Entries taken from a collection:
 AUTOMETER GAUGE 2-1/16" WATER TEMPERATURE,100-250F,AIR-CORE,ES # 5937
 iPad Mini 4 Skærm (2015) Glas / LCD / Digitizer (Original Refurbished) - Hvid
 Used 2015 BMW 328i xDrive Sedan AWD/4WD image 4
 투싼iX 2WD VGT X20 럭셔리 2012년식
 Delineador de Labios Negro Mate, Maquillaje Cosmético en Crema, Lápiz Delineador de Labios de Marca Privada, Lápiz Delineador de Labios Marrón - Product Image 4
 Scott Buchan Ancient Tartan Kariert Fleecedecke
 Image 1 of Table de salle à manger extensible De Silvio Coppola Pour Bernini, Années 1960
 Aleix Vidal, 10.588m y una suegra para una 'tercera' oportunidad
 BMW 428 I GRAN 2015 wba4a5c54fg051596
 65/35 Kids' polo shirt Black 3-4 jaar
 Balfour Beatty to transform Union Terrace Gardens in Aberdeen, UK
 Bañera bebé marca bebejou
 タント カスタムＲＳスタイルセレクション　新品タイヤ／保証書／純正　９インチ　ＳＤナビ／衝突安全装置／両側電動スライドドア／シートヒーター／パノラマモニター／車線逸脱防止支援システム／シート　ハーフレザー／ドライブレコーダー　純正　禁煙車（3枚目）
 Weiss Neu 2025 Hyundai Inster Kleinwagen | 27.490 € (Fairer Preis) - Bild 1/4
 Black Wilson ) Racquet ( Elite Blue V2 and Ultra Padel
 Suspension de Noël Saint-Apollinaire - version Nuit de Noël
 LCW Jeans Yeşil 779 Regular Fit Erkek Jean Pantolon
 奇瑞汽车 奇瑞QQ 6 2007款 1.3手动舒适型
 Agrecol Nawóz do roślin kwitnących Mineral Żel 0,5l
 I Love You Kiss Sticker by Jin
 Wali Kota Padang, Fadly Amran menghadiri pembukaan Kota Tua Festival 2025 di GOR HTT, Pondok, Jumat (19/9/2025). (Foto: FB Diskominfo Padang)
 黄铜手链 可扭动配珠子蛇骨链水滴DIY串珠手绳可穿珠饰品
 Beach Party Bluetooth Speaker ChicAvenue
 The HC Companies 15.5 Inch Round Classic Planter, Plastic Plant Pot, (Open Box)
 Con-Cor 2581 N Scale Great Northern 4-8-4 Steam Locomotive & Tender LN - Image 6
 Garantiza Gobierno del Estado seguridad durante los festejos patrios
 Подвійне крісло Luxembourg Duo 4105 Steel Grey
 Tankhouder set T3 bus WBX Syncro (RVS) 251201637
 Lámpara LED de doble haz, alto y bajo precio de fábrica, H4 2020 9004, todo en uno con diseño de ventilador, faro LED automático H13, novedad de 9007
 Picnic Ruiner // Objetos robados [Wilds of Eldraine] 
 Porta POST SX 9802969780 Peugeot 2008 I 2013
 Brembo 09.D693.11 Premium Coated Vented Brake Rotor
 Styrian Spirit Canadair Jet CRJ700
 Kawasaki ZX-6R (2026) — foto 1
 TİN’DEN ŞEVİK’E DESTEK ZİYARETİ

**Your objective**
All lines above from the one holding "黄铜手链 可扭动配珠子蛇骨链水滴DIY串珠手绳可穿珠饰品" to the one holding "Porta POST SX 9802969780 Peugeot 2008 I 2013", inclusive, are to be copied exactly; no other line is wanted.

**Finished exercise**
 黄铜手链 可扭动配珠子蛇骨链水滴DIY串珠手绳可穿珠饰品
 Beach Party Bluetooth Speaker ChicAvenue
 The HC Companies 15.5 Inch Round Classic Planter, Plastic Plant Pot, (Open Box)
 Con-Cor 2581 N Scale Great Northern 4-8-4 Steam Locomotive & Tender LN - Image 6
 Garantiza Gobierno del Estado seguridad durante los festejos patrios
 Подвійне крісло Luxembourg Duo 4105 Steel Grey
 Tankhouder set T3 bus WBX Syncro (RVS) 251201637
 Lámpara LED de doble haz, alto y bajo precio de fábrica, H4 2020 9004, todo en uno con diseño de ventilador, faro LED automático H13, novedad de 9007
 Picnic Ruiner // Objetos robados [Wilds of Eldraine] 
 Porta POST SX 9802969780 Peugeot 2008 I 2013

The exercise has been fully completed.